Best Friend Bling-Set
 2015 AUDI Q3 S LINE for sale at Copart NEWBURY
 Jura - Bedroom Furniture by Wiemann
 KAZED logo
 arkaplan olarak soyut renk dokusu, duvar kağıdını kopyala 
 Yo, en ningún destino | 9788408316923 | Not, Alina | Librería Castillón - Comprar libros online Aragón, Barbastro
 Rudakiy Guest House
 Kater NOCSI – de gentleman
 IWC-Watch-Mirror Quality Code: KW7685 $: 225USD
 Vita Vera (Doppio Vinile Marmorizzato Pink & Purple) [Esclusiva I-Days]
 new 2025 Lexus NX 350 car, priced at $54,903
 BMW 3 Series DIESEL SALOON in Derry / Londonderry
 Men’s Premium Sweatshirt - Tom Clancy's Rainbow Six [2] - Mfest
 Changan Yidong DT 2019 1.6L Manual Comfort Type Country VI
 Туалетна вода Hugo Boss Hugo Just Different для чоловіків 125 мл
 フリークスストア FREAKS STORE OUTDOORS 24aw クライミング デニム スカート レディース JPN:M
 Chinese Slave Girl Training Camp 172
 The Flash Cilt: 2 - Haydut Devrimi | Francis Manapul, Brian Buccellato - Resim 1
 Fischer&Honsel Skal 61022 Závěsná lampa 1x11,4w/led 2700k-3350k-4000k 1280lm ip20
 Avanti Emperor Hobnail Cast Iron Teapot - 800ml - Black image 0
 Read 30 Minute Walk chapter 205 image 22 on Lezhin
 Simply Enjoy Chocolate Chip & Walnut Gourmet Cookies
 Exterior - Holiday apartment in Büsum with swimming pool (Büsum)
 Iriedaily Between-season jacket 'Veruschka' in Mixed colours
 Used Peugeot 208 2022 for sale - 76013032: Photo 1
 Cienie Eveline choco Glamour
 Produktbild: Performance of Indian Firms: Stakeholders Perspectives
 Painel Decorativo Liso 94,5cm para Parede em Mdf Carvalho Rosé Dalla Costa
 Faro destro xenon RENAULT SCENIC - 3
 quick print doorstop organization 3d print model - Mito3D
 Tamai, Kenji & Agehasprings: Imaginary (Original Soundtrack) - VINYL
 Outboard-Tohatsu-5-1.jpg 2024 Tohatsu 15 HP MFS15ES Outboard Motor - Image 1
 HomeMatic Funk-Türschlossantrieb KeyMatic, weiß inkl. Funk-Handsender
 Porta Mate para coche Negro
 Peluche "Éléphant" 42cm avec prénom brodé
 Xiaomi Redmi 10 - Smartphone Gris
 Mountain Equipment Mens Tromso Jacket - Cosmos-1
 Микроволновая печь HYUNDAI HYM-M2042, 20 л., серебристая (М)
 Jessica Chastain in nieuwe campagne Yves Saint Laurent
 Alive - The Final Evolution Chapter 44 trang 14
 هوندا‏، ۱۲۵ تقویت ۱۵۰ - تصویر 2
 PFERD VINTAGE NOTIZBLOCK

◆ TASK PROMPT ◆
Your answer should be the lines from the one containing "Mountain Equipment Mens" through the end of the records, both included, output exactly and with nothing added.

◆ RESPONSE ◆
 Mountain Equipment Mens Tromso Jacket - Cosmos-1
 Микроволновая печь HYUNDAI HYM-M2042, 20 л., серебристая (М)
 Jessica Chastain in nieuwe campagne Yves Saint Laurent
 Alive - The Final Evolution Chapter 44 trang 14
 هوندا‏، ۱۲۵ تقویت ۱۵۰ - تصویر 2
 PFERD VINTAGE NOTIZBLOCK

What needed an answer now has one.